The job
You want to run sizeable local models at home for development, research, or writing — at usable speed, with a context window that doesn't force you to chunk everything. You're allergic to the monthly cloud bill. You have ~$4k to spend and you want the rig to still feel fast in eighteen months.
This guide is not for:
- Fine-tuning from scratch (you need more VRAM or a multi-GPU rig).
- Pure image/video generation (different tradeoffs, covered in a separate guide).
- Production inference serving (this is a workstation, not a datacenter node).
The build
| Part | Pick | Why |
|---|---|---|
| GPU | NVIDIA RTX 5090 (32 GB) | 32B-class at Q8 with full context; 70B at IQ3. |
| CPU | AMD Ryzen 9 9950X or similar 16-core | You'll bottleneck on single-thread + some lanes. |
| RAM | 64 GB DDR5-6000 (2×32) | Leaves room for KV-cache spill + tooling. |
| Storage | 2 TB PCIe 4.0 NVMe | Model weights + datasets + Docker images. |
| PSU | 1000 W 80+ Gold, single rail | 5090 is serious; don't be clever here. |
| Case | Airflow-first mid-tower; 3× intake / 2× exh. | Sustained loads run for hours. |
| OS | Windows 11 Pro or Ubuntu 24.04 | Your call. Both work; drivers are mature. |
Numbers
Approximate inference throughput on this build with llama.cpp, short prompt:
- 32B-class at Q8 — ~28–34 tok/s, full 32k context fits.
- 70B-class at IQ3_M — ~9–14 tok/s, ~8k context before KV pressure.
- Cold start dominated by model load from NVMe (~4 seconds for a 32B Q8).
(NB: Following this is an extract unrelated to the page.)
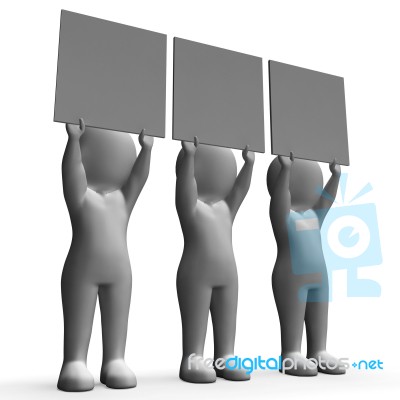 Characters With Three Blank Boards Allow Message Or Text Stock Image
Your mileage will vary with prompt shape and sampler choice. The 32B-class sweet spot is where this rig shines; 70B-class is doable but tight.
Tradeoffs
- Dual 4090 instead of a single 5090. Higher aggregate VRAM (48 GB), but you lose the clean single-card setup, and a lot of local-inference tooling doesn't cleanly split across two cards without effort.
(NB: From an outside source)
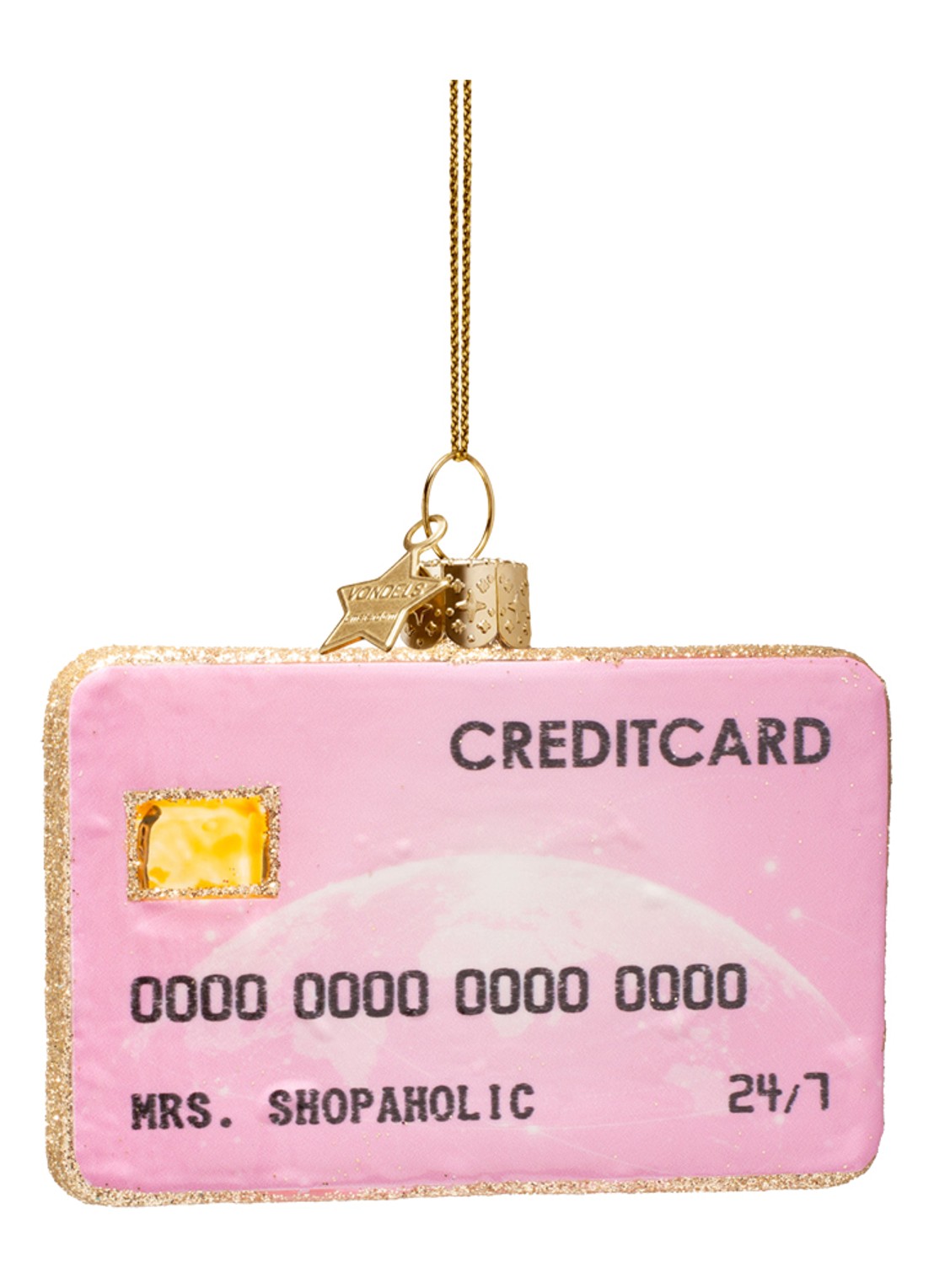 Vondels Creditcard kersthanger 7 cm - voorkant 2 roze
- Threadripper instead of Ryzen 9. More PCIe lanes, more cores, more money. If you'll add a second GPU in year two, worth it. If not, skip.
- Cloud on-demand. Breaks even with this rig around ~18 months of heavy use, depending on your cloud tier.
What this doesn't get you
- Multi-GPU training. You need NVLink, more lanes, more PSU headroom.
- Proper datacenter-style serving (batching, multi-user concurrency).
- A good excuse. Buy the rig.